### Next Steps for GraphSAGE Pipeline:
1. Set up train/validation/test splits
2. Implement heterogeneous GraphSAGE model
3. Train and evaluate venue prediction performance (supervised)
4. Make train/validation/test sets inductive. 
5. Use an unsupervised GraphSAGE to learn node embeddings
6. Implement a simple classifcation head to perform venue prediction (self supervised learning).
7. Extend model to perform link prediction 

In [None]:
from mpl_toolkits.mplot3d import Axes3D
from sklearn.preprocessing import StandardScaler
import matplotlib.pyplot as plt # plotting
import numpy as np # linear algebra
import os # accessing directory structure
import pandas as pd # data processing, CSV file I/O (e.g. pd.read_csv)
import torch
import torch.nn.functional as F
import torch_geometric
from torch_geometric.data import Data
from torch_geometric.loader import NeighborLoader
from torch_geometric.datasets import OGB_MAG
from torch_geometric.data import HeteroData
from torch_geometric.nn import SAGEConv, GraphSAGE, to_hetero
from torch_geometric.nn.conv import MessagePassing

from src.dataset_to_inductive import to_inductive
print("Current working directory:", os.getcwd())
%load_ext autoreload
%autoreload 2

Current working directory: c:\Users\gabri\GTFO_Onedrive\DTU_Code\GraphSSL
The autoreload extension is already loaded. To reload it, use:
  %reload_ext autoreload


In [48]:
# Load the OGB-MAG dataset
print("Current working directory:", os.getcwd())
print("\nLoading OGB-MAG dataset...")

# Define data path relative to the workspace folder
data_path = os.path.join('data', 'ogb_mag')
os.makedirs(data_path, exist_ok=True)

# Load dataset
transform = ["to_undirected"] # insert preprocessing steps that should be applied to the data. It is common to include reverse edges.
preprocess = "transe" # specify how to obtain initial embeddings for nodes ("transe", "metapath2vec") are some options.
dataset = OGB_MAG(root=data_path, preprocess=preprocess, transform=transform)
# Get the heterogeneous graph data. Is of type HeteroData.
data = dataset.data

node_type = "paper" # target node type
data_inductive = to_inductive(data.clone(), node_type)

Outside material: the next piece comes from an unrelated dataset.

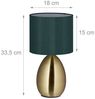 Relaxdays Tischlampe Metall & Stoff Bild 5
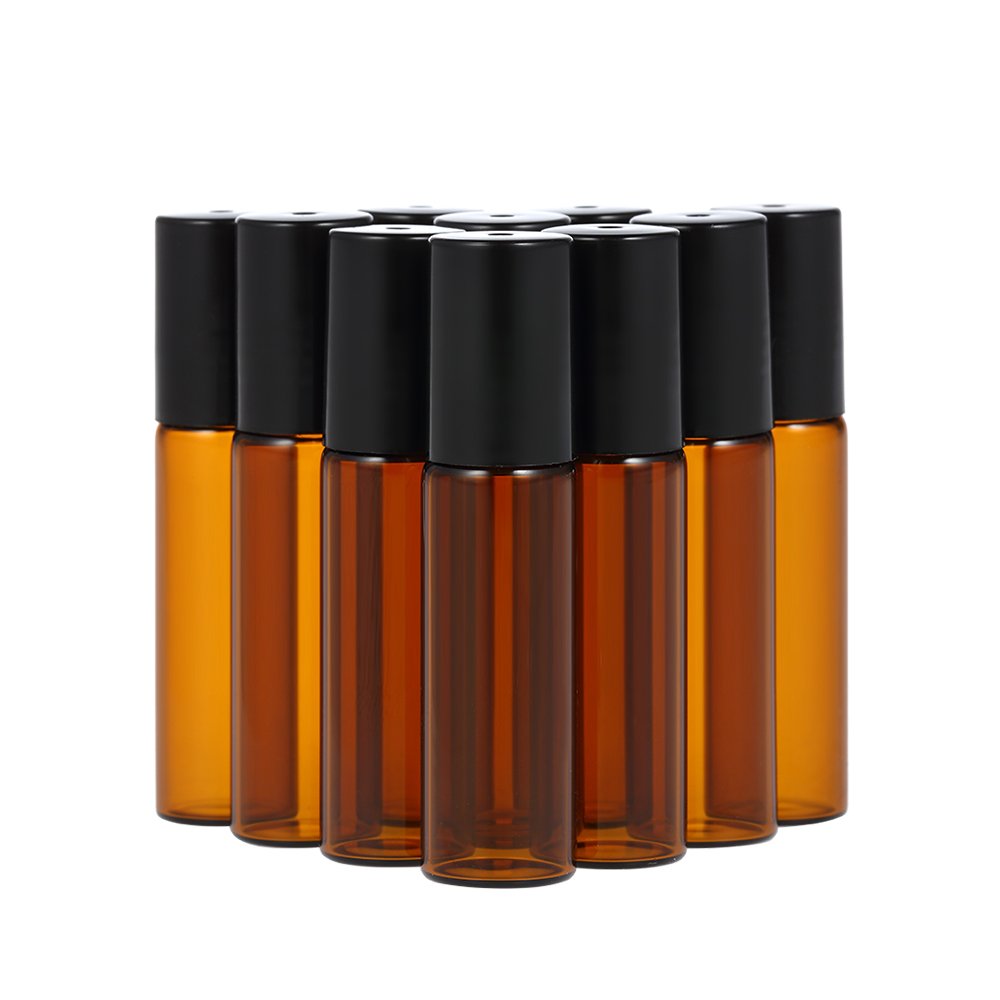 Anself 10 Pcs 10ml Essential Oils Bottles Amber Glass Roll-on Bottles Stainless Steel Roller Ball Essential Oil Jar with 3ml Dropper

print(f"\nDataset loaded successfully!")
print(f"Data saved in: {os.path.abspath(data_path)}")

Current working directory: c:\Users\gabri\GTFO_Onedrive\DTU_Code\GraphSSL

Loading OGB-MAG dataset...


  data = dataset.data



Dataset loaded successfully!
Data saved in: c:\Users\gabri\GTFO_Onedrive\DTU_Code\GraphSSL\data\ogb_mag


In [52]:
print(torch. __version__)
print(torch.version.cuda)

2.9.0+cpu
None


## Data Loaders

Create NeighborLoader for mini-batch training with neighborhood sampling.

In [49]:
# Create NeighborLoader for mini-batch training
# This implements neighborhood sampling as described in the GraphSAGE paper

# Define sampling parameters
num_neighbors = [10, 10]  # Sample 10 neighbors at each of 2 layers (as in GraphSAGE paper)
batch_size = 1024

# Create train loader
train_loader = NeighborLoader(
    data_inductive,
    num_neighbors=num_neighbors,
    batch_size=batch_size,
    input_nodes=('paper', data_inductive['paper'].train_mask),
    shuffle=True,
)

# Create validation loader
val_loader = NeighborLoader(
    data_inductive,
    num_neighbors=num_neighbors,
    batch_size=batch_size,
    input_nodes=('paper', data_inductive['paper'].val_mask),
    shuffle=False,
)

# Create test loader
test_loader = NeighborLoader(
    data_inductive,
    num_neighbors=num_neighbors,
    batch_size=batch_size,
    input_nodes=('paper', data_inductive['paper'].test_mask),
    shuffle=False,
)

print(f"Train loader: {len(train_loader)} batches")
print(f"Val loader: {len(val_loader)} batches")
print(f"Test loader: {len(test_loader)} batches")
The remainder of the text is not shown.